Прежде всего необходимо подчеркнуть, что Наталья Никола­евна не только, как я уже говорил, полностью осуществила в устройстве последующей судьбы и своей, и детей последнюю волю Пушкина, но и, несмотря на искреннюю и большую супружескую привязанность к Ланскому, сохраняла всю свою жизнь неослабева­ющую память о нем, как бы продолжала все время любовно дер­жать в сердце его живой образ.

Мы знаем по свидетельству очевидцев, какие ни с чем не срав­нимые страдальческие муки испытывала в течение двух суток Наталья Николаевна после того, как верный дядька Пушкина внес на руках смертельно раненого поэта в дом, знаем, как до самой последней минуты не верила, не хотела, не могла верить, что он неизбежно умрет. А когда это сершилось, ее моральные и физические мучения по своей нестерпимой силе явились своего рода параллелью нестерпимым предсмертным мукам самого поэта. «Несчастную жену с большим трудом спасли от безумия, в которое ее, казалось, неудержимо влекло мрачное и горькое отчаяние», - писала одна из блистательнейших представительниц петербургского великосветского общества Д.Ф.Фикельмон, жена австрийского посла, хозяйка вместе с ее матерью, дочерью Кутузова, Е.М.Хитрово, виднейшего политического салона столицы, близкая приятельница Пушкина, относившаяся еще при жизни поэта с несомненной симпатией, хотя тоже несколько свысока, к его молодой красавице жене и со столь же, как видим, сочувствием к постигшему ее страшному горю и состоянию, в которое она была им повергнута. Стоит, кстати, еще раз напомнить, что Вересаев, а затем и Анна Ахматова даже это состояние ставили ей в вину. И здесь они тоже следовали укоренившейся традиции, не только еще больше гиперболизируя ее, но и прямо доводя порой ad absurdum.  «Если она и убита горем, то это будет ни долго, ни глубоко», - писала (одно из характернейших свидетельств полного непонимания натуры Натальи Николаевны современниками) Е.А.Карамзина-мать сыну о вдове поэта всего пять недель спустя после его кончины, добавляя, что «бедный Пушкин» вообще должен был бы выбрать себе жену «более подходящую его уровню». А в том же материнском письме дочь, С.Н.Карамзина, пошла еще дальше, призывая брата «успокоиться» за состояние «Ундины, в которую еще не вдохнули душу»: «Ужас отчаяния, под бременем которого, казалось бы, она должна была пасть, умереть или сойти с ума, всё это оказалось столь незначительным, столь преходящим и теперь уже совершенно утихло!» На самом деле «всё» происходило абсолютно не так.

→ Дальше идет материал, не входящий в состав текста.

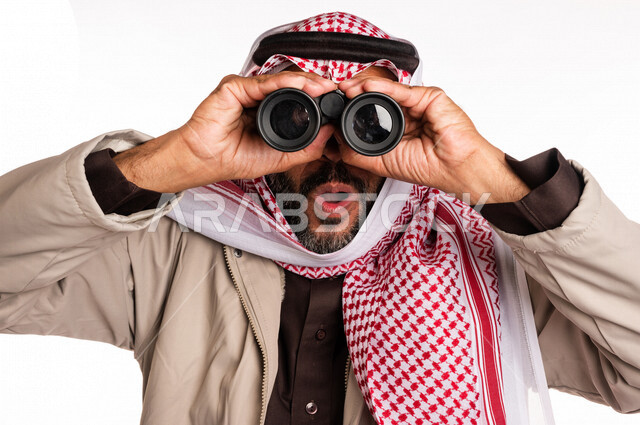 بورتريه لرجل عربي خليجي سعودي يرتدي ملابس الشتاء الدافئة، النظر من خلال الناظور، إيماءات وجه تدل على الدهشة والتعجب، ملابس لتدفئة الجسم، الاستكشاف والمغامرة، فريق الكشافة، رؤية مستقبلية، التخطيط المستقبلي، اهداف وطموحات، اجواء شتوية، خلفية بيضاء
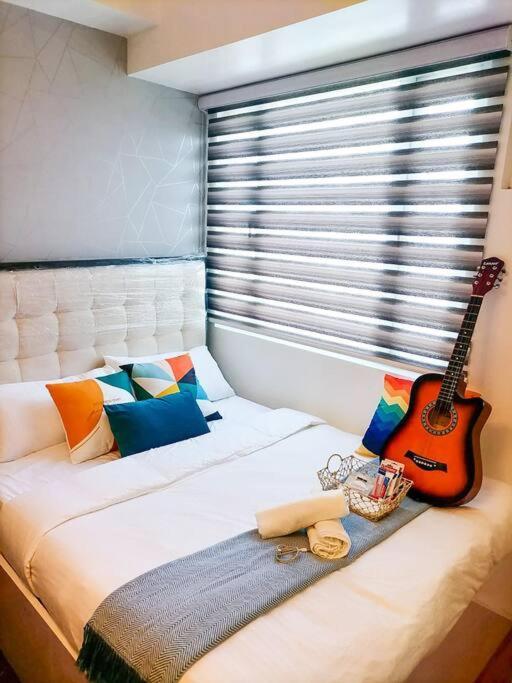 קואזון סיטי Cozy Studio Unit At Sun Residences מראה חיצוני תמונה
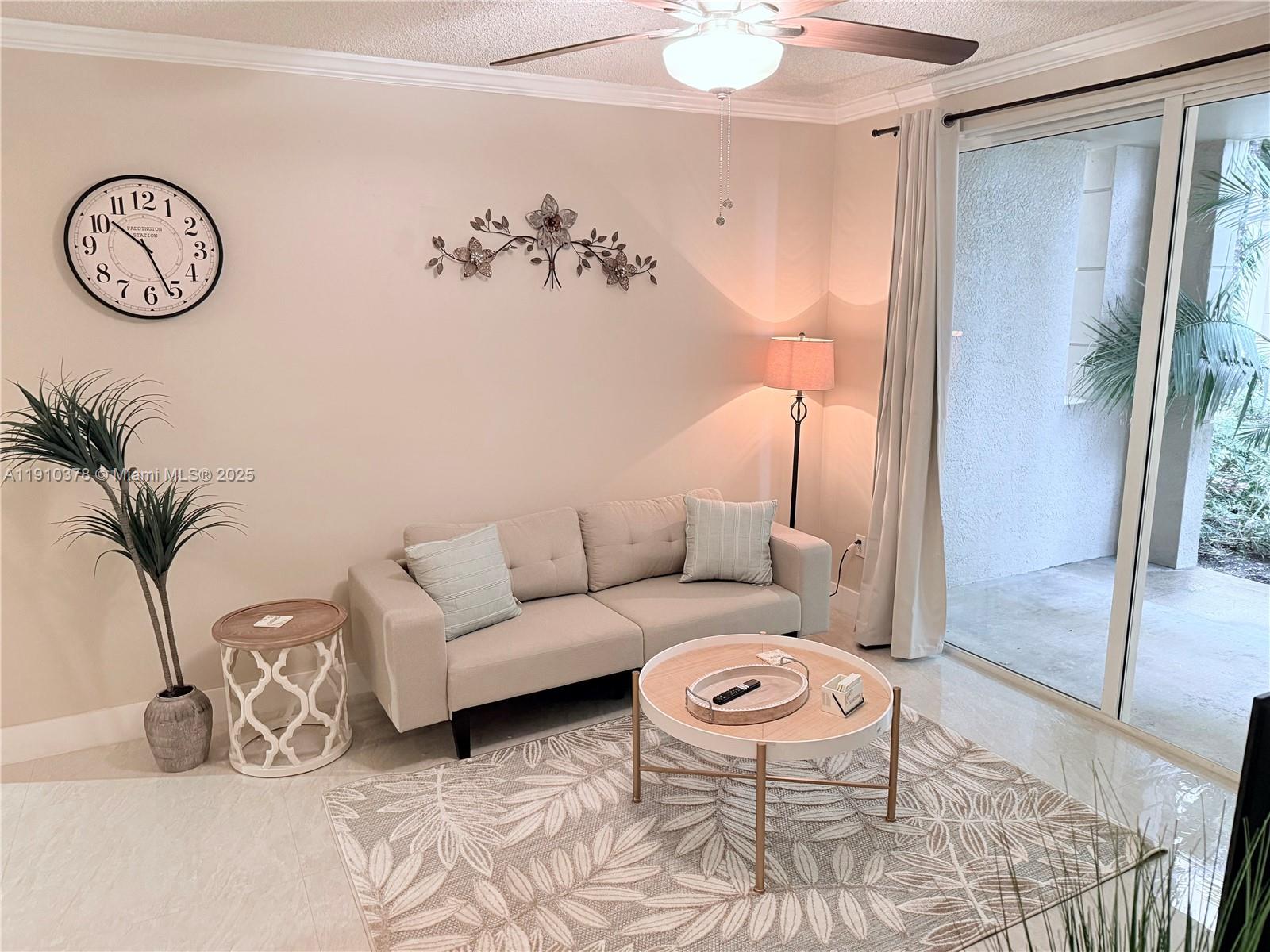 17150 North Bay Road, Unit 2102 Sunny Isles Beach, FL 33160 - Photo 7 of 29 a living room with furniture and a table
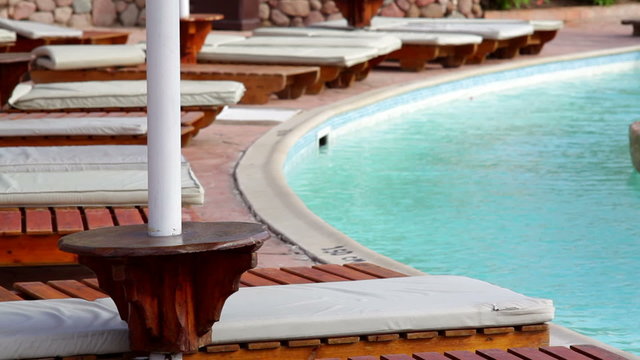 Fragment of nice luxury resort hotel with beautiful swimming pool
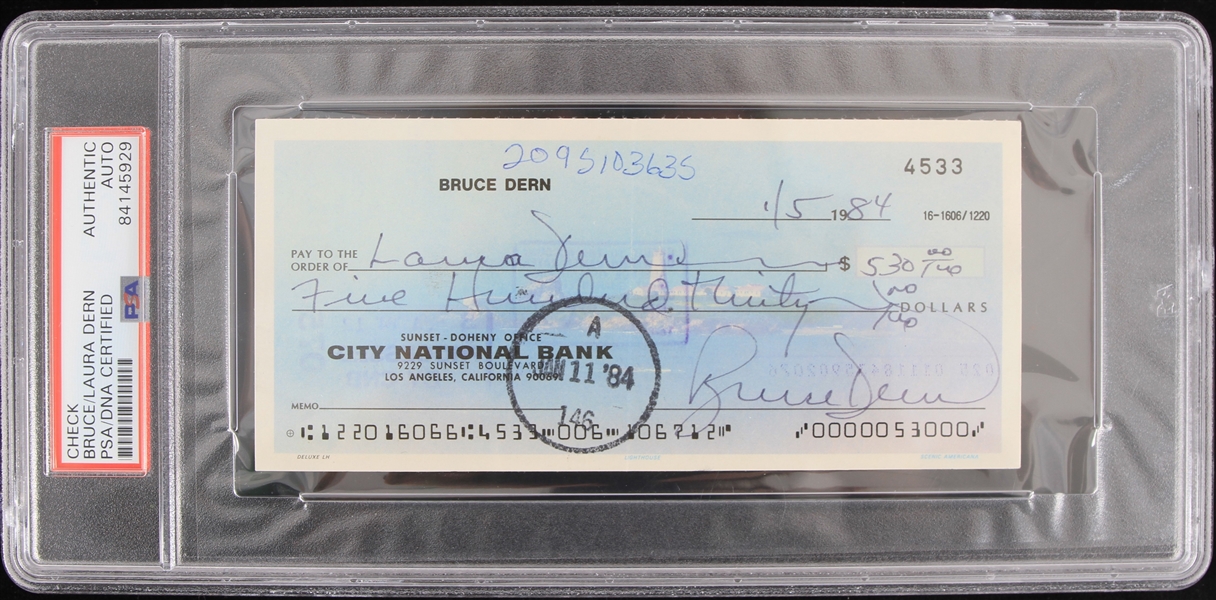 1984 Bruce and Laura Dern Signed and Endorsed Check (PSA Slabbed)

Прежде всего необходимо - дополнительно к публикуемым материалам - обратить внимание на словно бы небольшую, но очень значительную деталь. Известно, как ненавидел и презирал Пушкин то придворное звание, которым неожиданно наградил его царь, и тот камер-юнкерский мундир, в котором он обязан был появляться на придворных церемониях (за нарушение подчас этого этикета он получал от царя выговоры) и в котором, в случае его смерти, должен был быть положен в гроб. «Умри я сегодня, что с Вами будет? Мало утешения в том, что меня похоронят в полоса­том кафтане, и еще на тесном Петербургском кладбище», — с горь­ким сарказмом писал он жене в 1834 году. Но несмотря на то ужас­ное состояние, в котором находилась его вдова, она настояла, что­бы его положили в гроб в обычном костюме. Никакой демонстра­ции, тем более «политической» (хотя царь — вероятно, по подска­зу того же Бенкендорфа — воспринял это именно так) не было. Это был просто душевный порыв, еще раз свидетельствующий об ее любви и преданности мужу, вызванный стремлением выполнить и это его, может быть, и прямо устно высказывавшееся им, а возмож­но, лишь угадываемое по только что приведенной, но крепко за­помнившейся цитате из давнего письма (и тогда это еще одно подверждение ее тончайшей женственной чуткости) желание мужа не лежать хотя бы мертвым в  «полосатом кафтане».